PostgreSQL single vs. multi-column indexing for optimal SELECT performance - 【StackMirror】|sql|performance|postgresql|indexing

I am new to PostgreSQL, especially its performance tuning aspects. Basically we have data that is accessed by querying 3 integer values: segmentSize (ranges 1...10), segmentX (ranges +/- 100,000), segmentY (ranges +/- 100,000).

A forward-looking consideration: when the data volume grows, there's a possibility to segment the data into multiple tables, one per individual segmentSize, and / or contiguous ranges of segmentX and segmentY.

The present choice: I have an architectural choice of either directly using the key (segmentSize, segmentX, segmentY) or - in order to gain performance - outside of PostgreSQL creating a synthetic key that combines segmentX, segmentY into a single integer value that becomes the key (or much less likely, all three (segmentSize, segmentX, segmentY).

The question: assuming we're not too concerned about the cost of this "combined key" derivation from segmentX, segmentY happening outside of Postgress, and given we're not specifically after space saving on the order of bytes per row of data (unless it makes a performance difference), .... will there be any measurable or meaningful performance gain from querying for a single int value of the range segmentX * segmentY, as opposed to querying for a combination of two separate int values of segmentX and segmentY ?

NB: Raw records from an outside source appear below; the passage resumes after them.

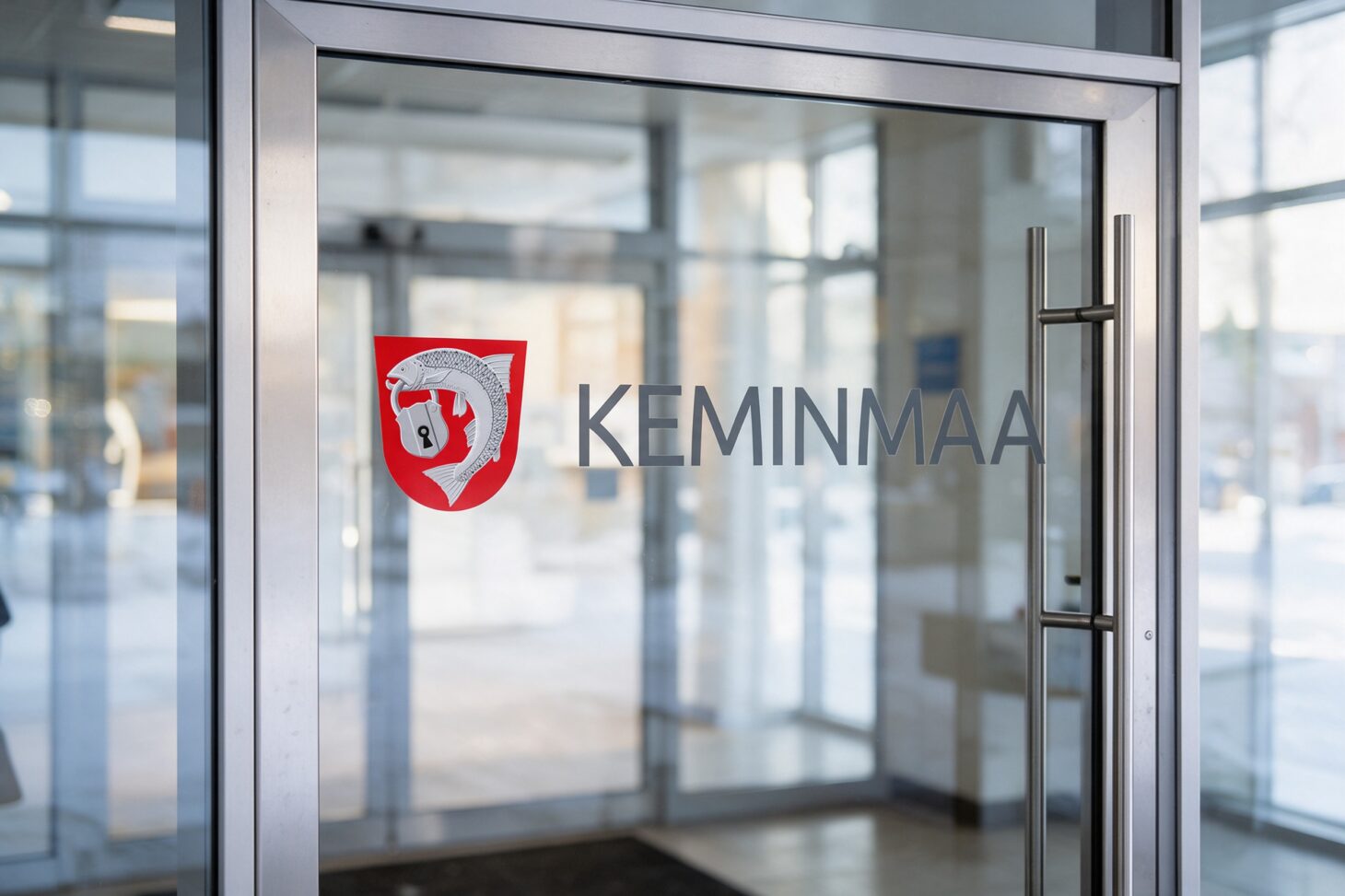 Keminmaan logo lasiovessa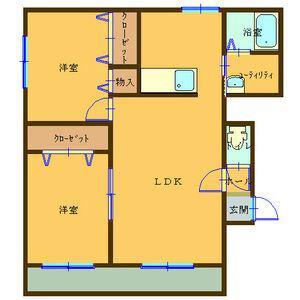 ファイン6・8(2LDK/4階)の間取り写真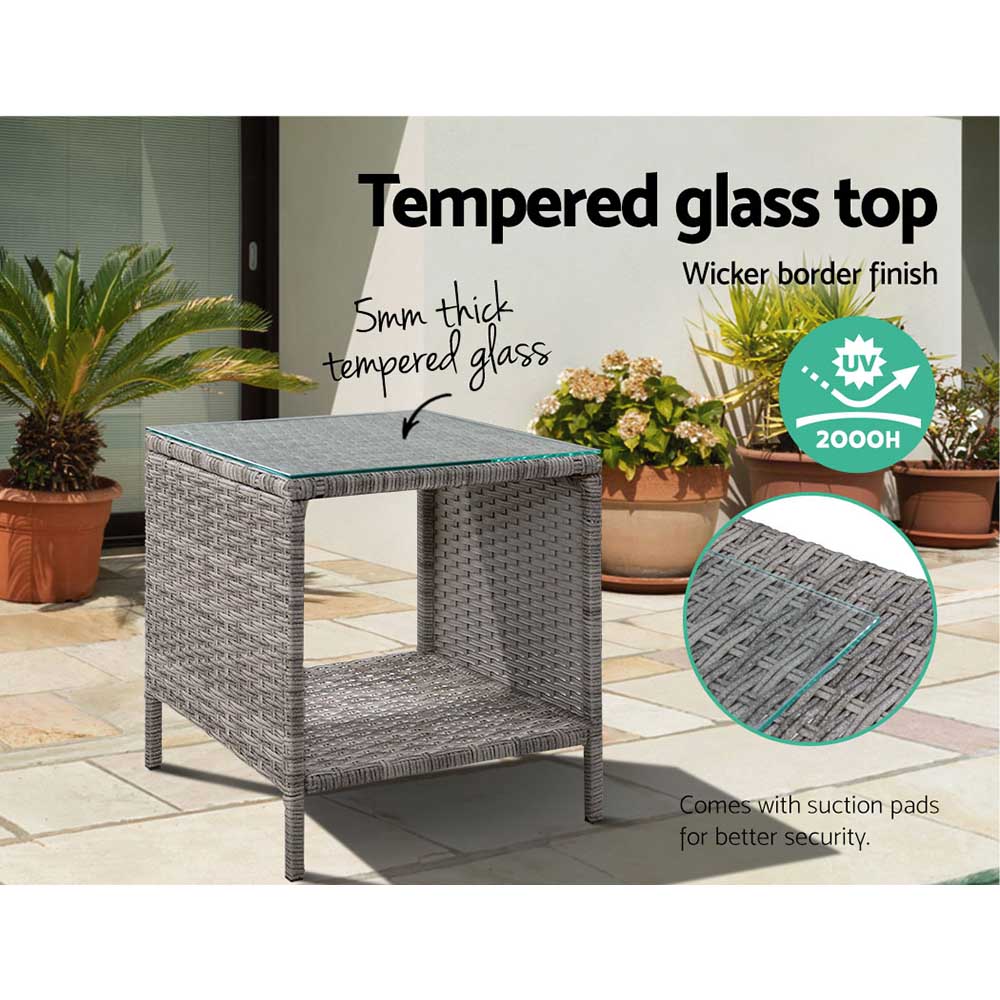 Armadale Wicker Side Table - Grey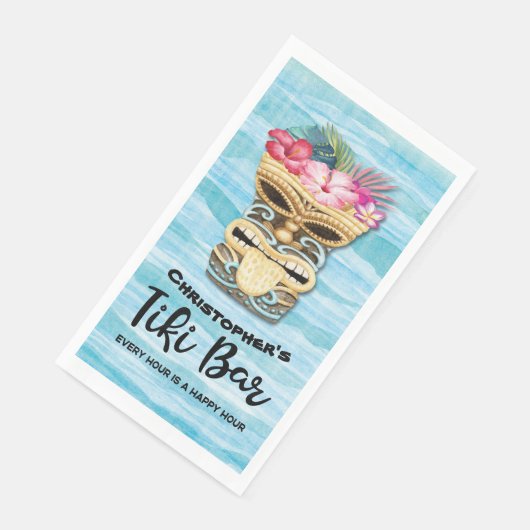 Island Tropical Tiki Bar Mit Monogramm Serviette (Ecke)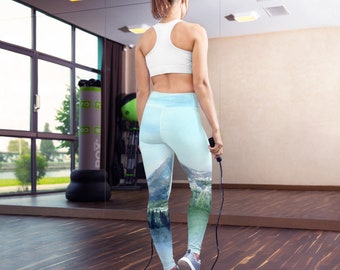 Leggings de diseño artístico - Pintura de las Montañas Rocosas - Ropa estampada integral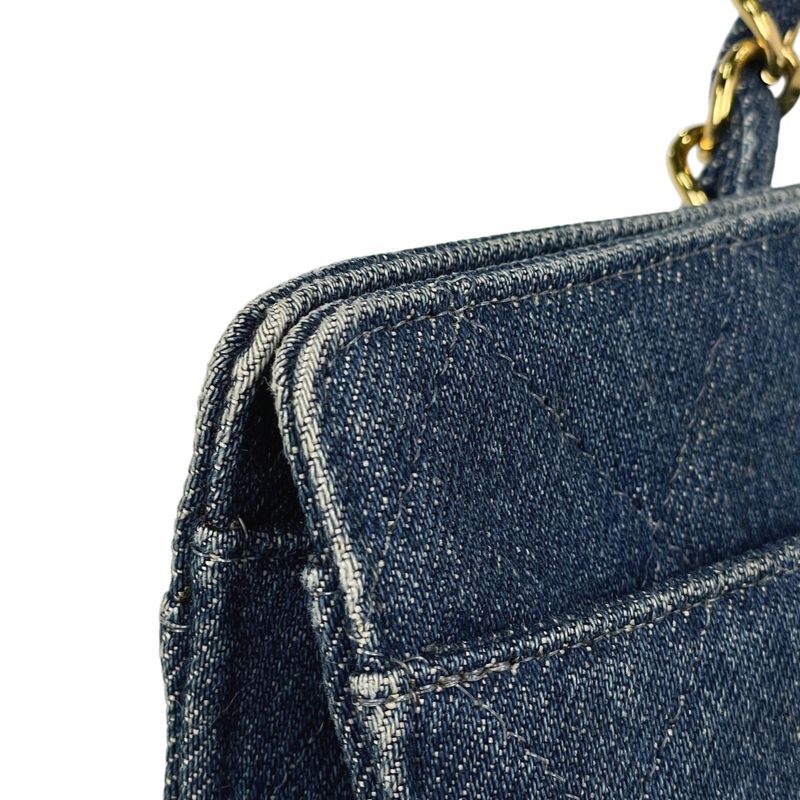 Chanel CC Logo Chain Tote Quilted Denim Blue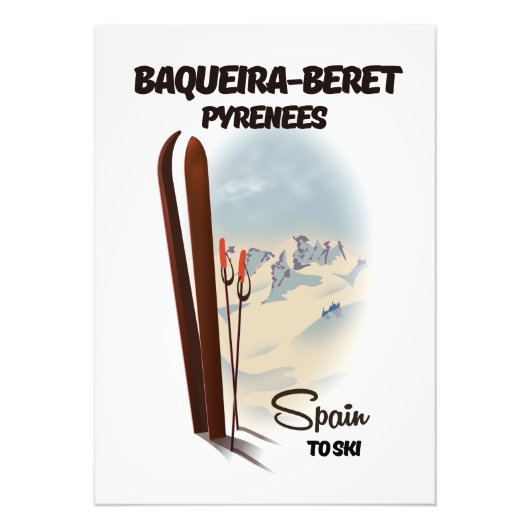 Het poster van de skigebieden Baqueira-Beret Spanj (Voorkant)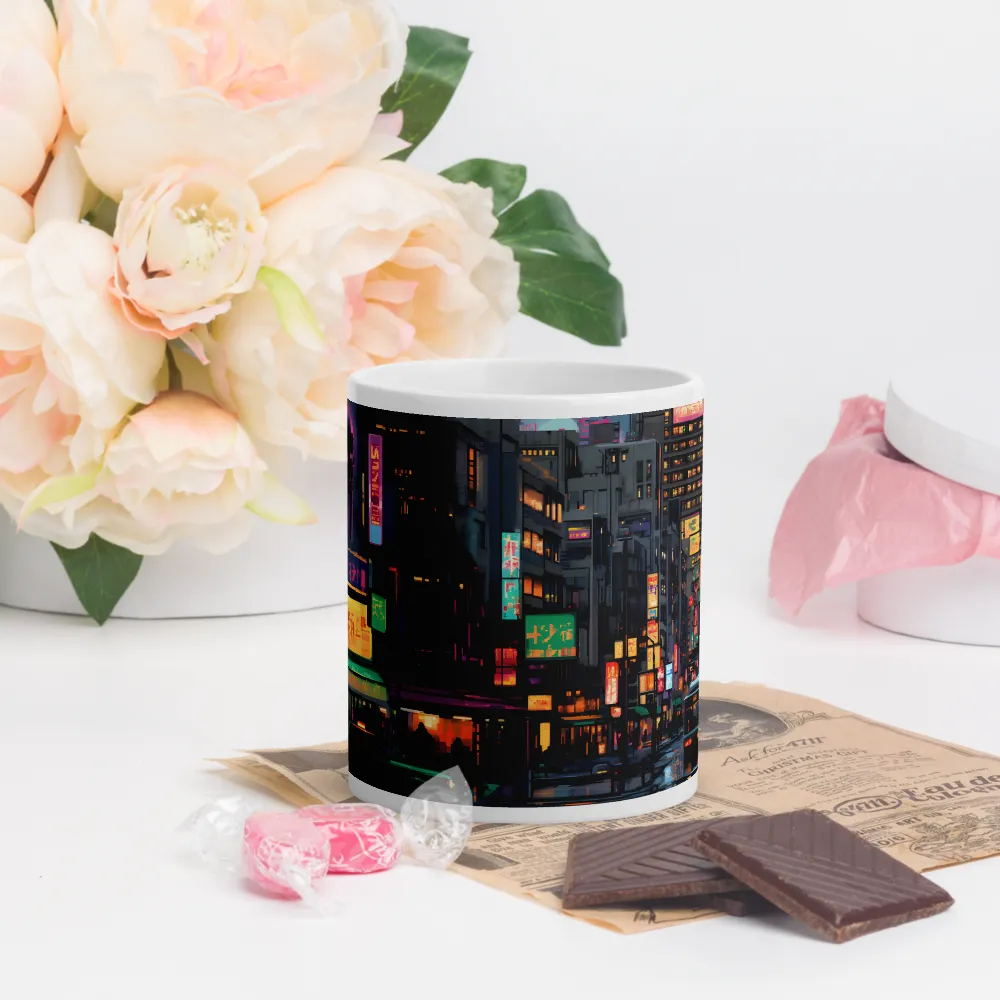 Neon Dreams: A Pixelated Urban Night | Mugs | Multiple Sizes & Colors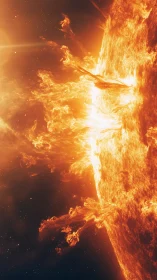 Solar surface erupts with towering magnetic plasma arcs.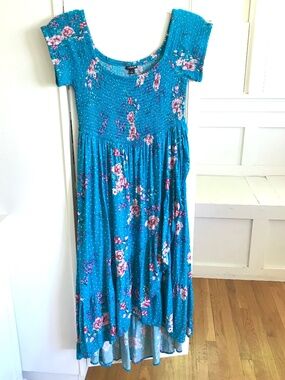 TORRID Floral Smocked Dress Teal Women’s Plus Size 1X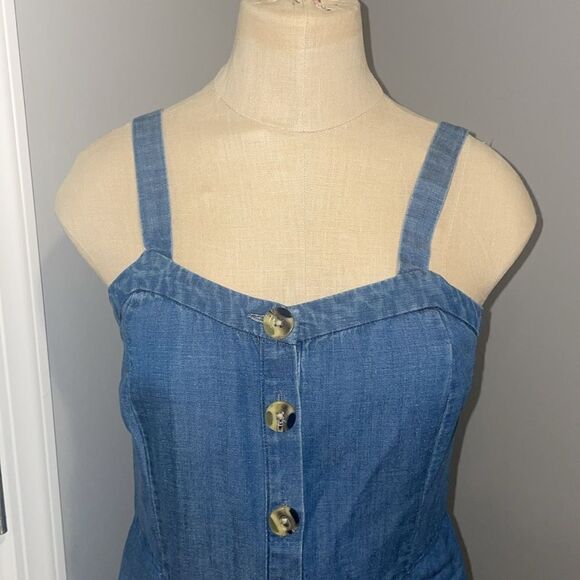 Loft Denim Button Front Dress Size 2P - Picture 2 of 10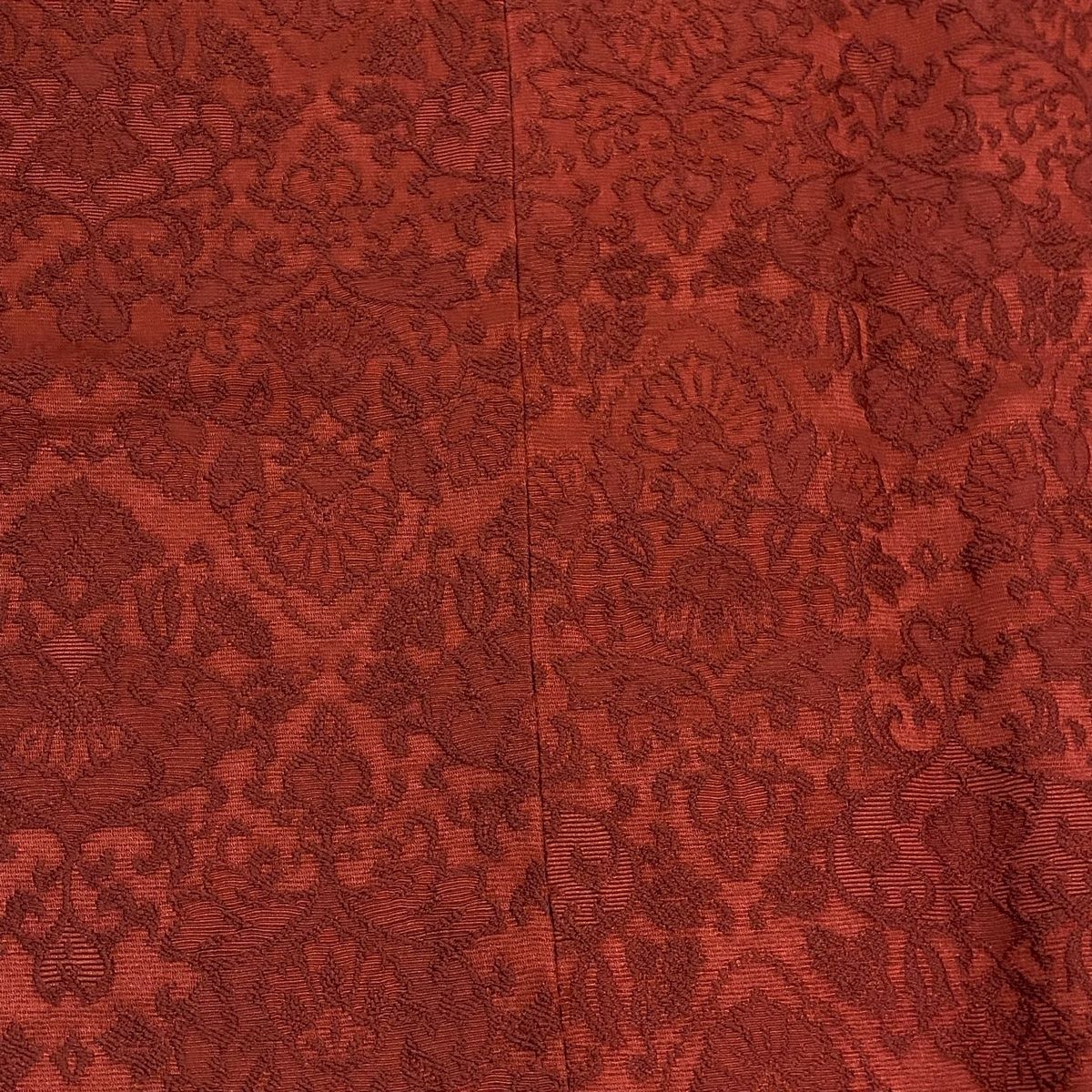 道行 身丈94cm 裄丈69cm L 和装コート 角衿 地紋 えんじ色 正絹 美品  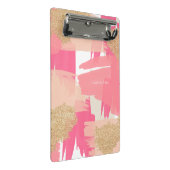 Modern Roze en Goud Glitter Abstract Mini Klembord (Schuin)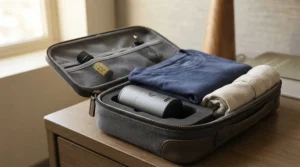 A battery operated diffuser for travel packed neatly inside a compact carrying case with other travel accessories.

Many, many thanks. Please feel free to include any links that expand on the applicable data and indexing strategies to maximize SELECT / read performance.

2012-04-04 17:53
by SashaK

Use EXPLAIN and EXPLAIN ANALYZE on your queries to see and measure what is going on and what works best - Frank Heikens 2012-04-04 18:00

Thank you, Frank - SashaK 2012-04-04 18:22

First: what is the natural primary key ? Second: what is your typical usage: a range query on either X or Y or on {X,Y} or on {Y,X} ? Third: is the set of keyfields in the query different from those of the "natural" PK? Is it different from the set of keyfields in the insert-operations? fourth: from the set of three keyfields: is any possible pair a candidate key? Fifth: please add a discription of the meaning of the keyfiels. "segment_id" is not very informative to most of us - wildplasser 2012-04-04 18:31

@wildplasser great insight - thank you. Basically we have a grid akin to city blocks in Manhattan NYC where avenues (1st to 11th) and streets (1st to say 160th) are numbered. So you can refer to some restaurant as being "near the corner of 7th Avenue and 34th Street", as people do in real life. Alternatively you can follow the Tokyo scheme where each city block is given a number, so you can refer to some restaurant as being in "block 926". In the former case, we'd have a combined index/key of (7,34) and in the latter case, a single key 926 (hence from a larger set of values) - SashaK 2012-04-05 04:01

The performance benefits of combining the two (or three) columns into a single value for the key are likely to be quite minimal. It could actually hurt performance for some usages; if these values are meaningful in other tables, the need to "navigate" through the synthetic key prevents plans from being considered which might be faster. Using a synthetic key when there is an available natural key tends to fall under the heading of "premature optimization", with all the risks associated with that -- including a high probability that it will actually make things slower.

2012-04-04 18:24
by kgrittn